Submitted to: Applied Engineering in Agriculture
Publication Type: Peer reviewed journal
Publication Acceptance Date: 10/26/1999
Publication Date: N/A
Citation: Interpretive Summary: Water quality investigations must be conducted in a manner to ensure a balance between the amount of financial resources spent and information obtained. As part of a Water Quality Demonstration Project in the eastern Coastal Plain, stream water quality was monitored and compared using four methods. These methods automatically sampled the stream at a fixed time and at a fixed flow volume. The stream was also sampled every 2-3 weeks with grab samples. Flow measurements using these methods were very similar. When there was higher than normal flow, the method using a fixed volume sampled more frequently and gave higher flow measurements. Because of its higher flow measurements, the fixed volume method predicted significantly higher nutrient losses for both nitrate-N,ammonia-N, and TKN. Sampling with grab samples and at fixed times predicted similar findings for the entire study period; however, in a few months, there were significant differences between the two. These results suggest that an appropriate sampling method should adequately weight sampling of both storm and base flows.

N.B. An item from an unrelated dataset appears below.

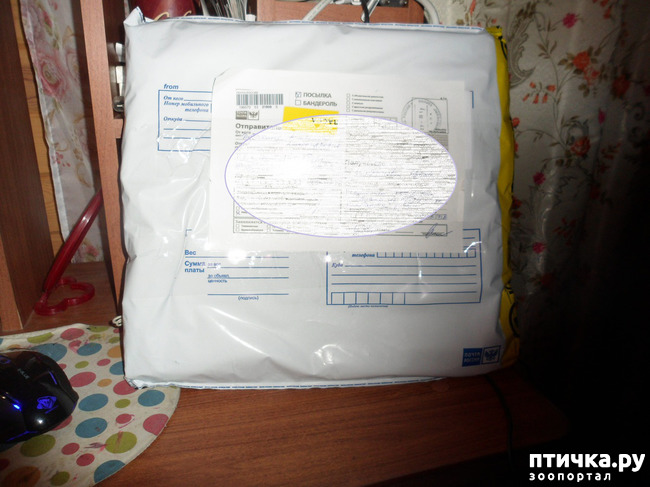 ���� 1: ��� ����� � ��� ������ �������!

Technical Abstract: The balance between resources expended and information obtained is an integral aspect of water quality investigations. As part of a Water Quality Demonstration Project in the eastern Coastal Plain, we monitored stream water quality at the watershed outlet. Four methods of assessing stream water quality were compared. These methods were time-composite sampling with continuous flow measurements (TC), flow-proportional samplin with independent measurement of flow (FP), grab sampling with instantaneous flow measurements (IG), and grab sampling for quality assurance/quality control checks using daily USGS flow measurements (UG). Flow measurements using the TC and IG methods were highly correlated (r2=0.97). Because of more intensive measurements during high flow, the FP method measured higher flow rates during the sampling period. For all four methods, nitrate-N and ammonia-N concentrations were not correlated to stream flow. Because of the significantly higher flow, the FP method predicted significantly highe mass loading rates for both nitrate-N, ammonia-N, and TKN. Grab sampling (IG and UG) and the TC methods were not significantly different for the entire study period; however, a few monthly differences were significant. These results suggest that an appropriate sampling method should adequately weight sampling of both storm and base flows.